*Try it:* Reproduce exactly the entries from the "Italian Antique Renaissance" line to the end. Skip all pictures.

Caption-style text data:
=-=-=

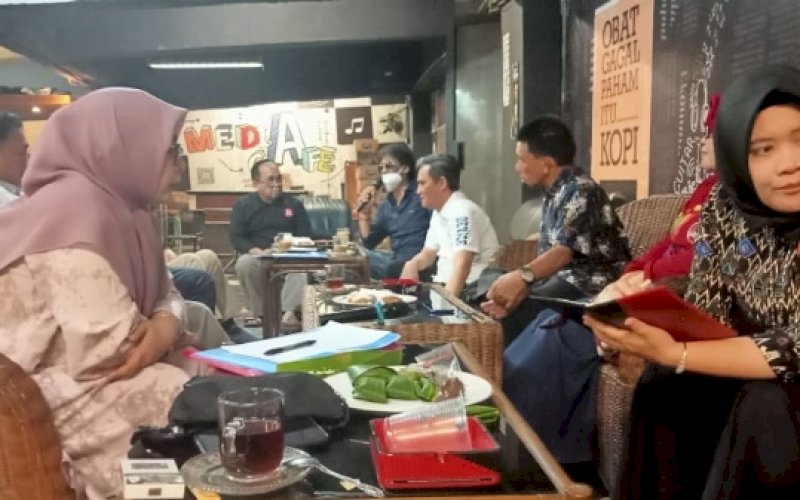 RAPAT. Rapat Pleno Pengurus PWI Sulsel, yang dipimpin Ketuanya, HM Agussalim Alwi Hamu, yang berlangsung di Cafe Media Graha Pena, Jumat (13/1/2023). foto: istimewa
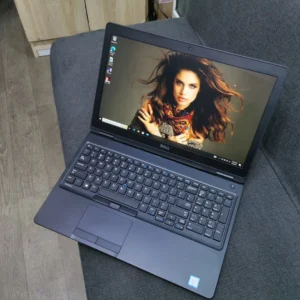 DELL Precision 3520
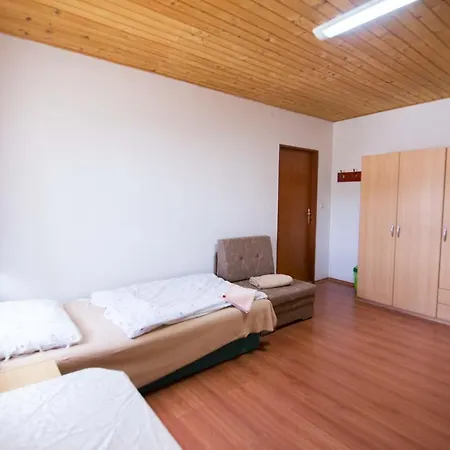 Penzión pre hostí Konica *
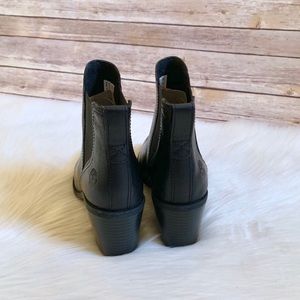 brynlee park chelsea boot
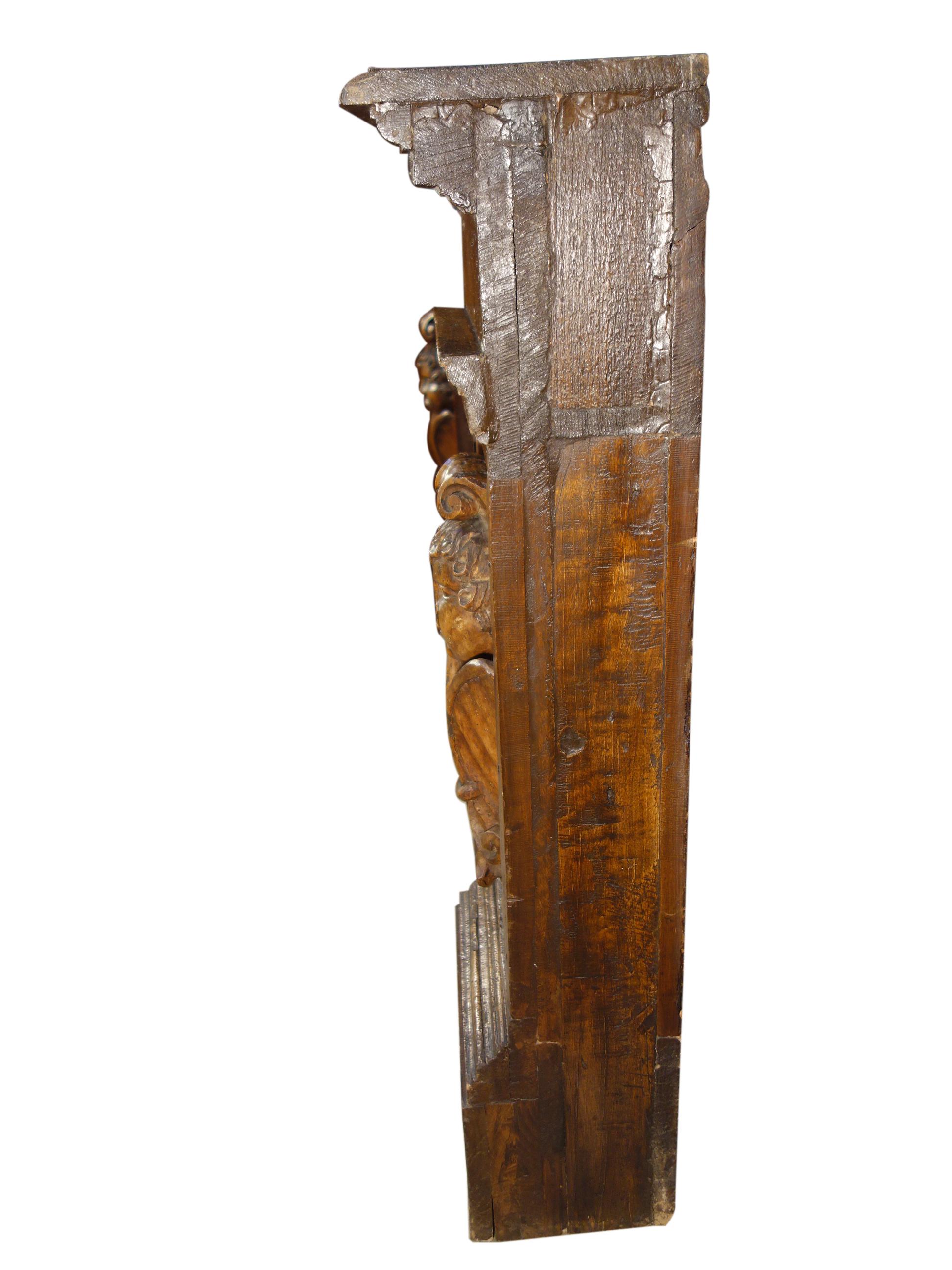 Italian Antique Renaissance Style Handcarved Walnut Balustrade Fragment Ca 1800 For Sale 9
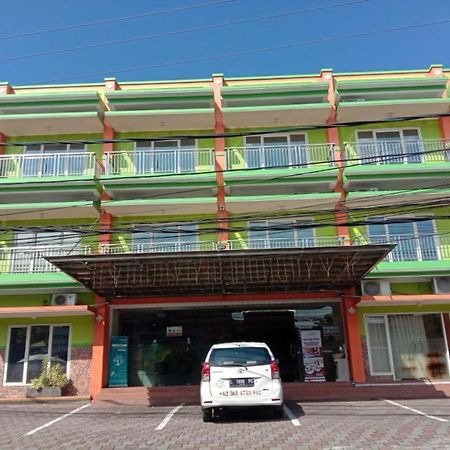 Oyo 90473 Gowin Hotel Kuta Lombok Exterior foto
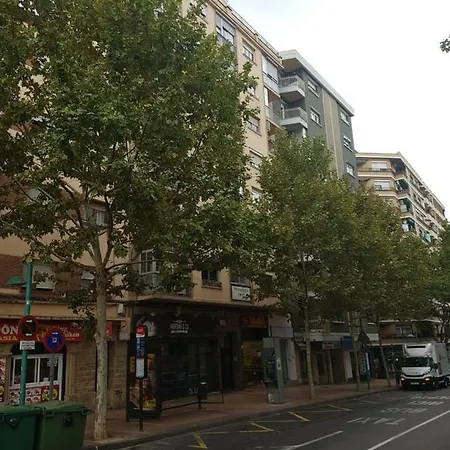 Casa Pedrada Apartment Zaragoza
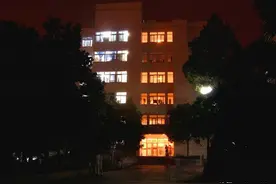 这么粗大？女生宿舍床上出现2米大蛇，它究竟是怎么爬上去的？图片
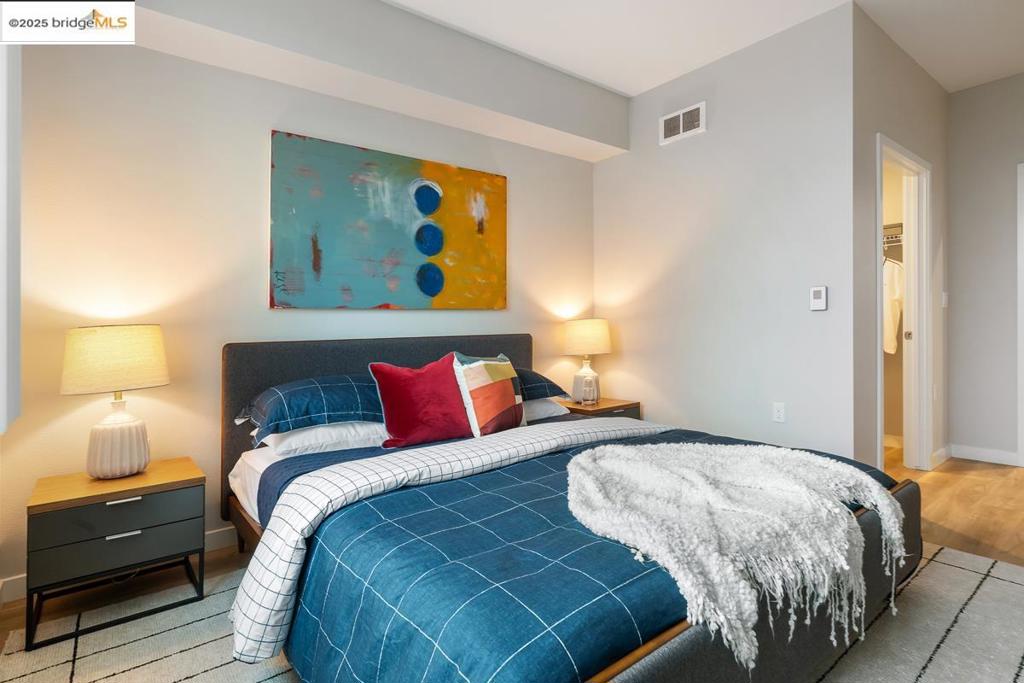 WEST OAKLAND - Residential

=-=-=

*Task solution:*
 Italian Antique Renaissance Style Handcarved Walnut Balustrade Fragment Ca 1800 For Sale 9
 Oyo 90473 Gowin Hotel Kuta Lombok Exterior foto
 Casa Pedrada Apartment Zaragoza
 这么粗大？女生宿舍床上出现2米大蛇，它究竟是怎么爬上去的？图片
 WEST OAKLAND - Residential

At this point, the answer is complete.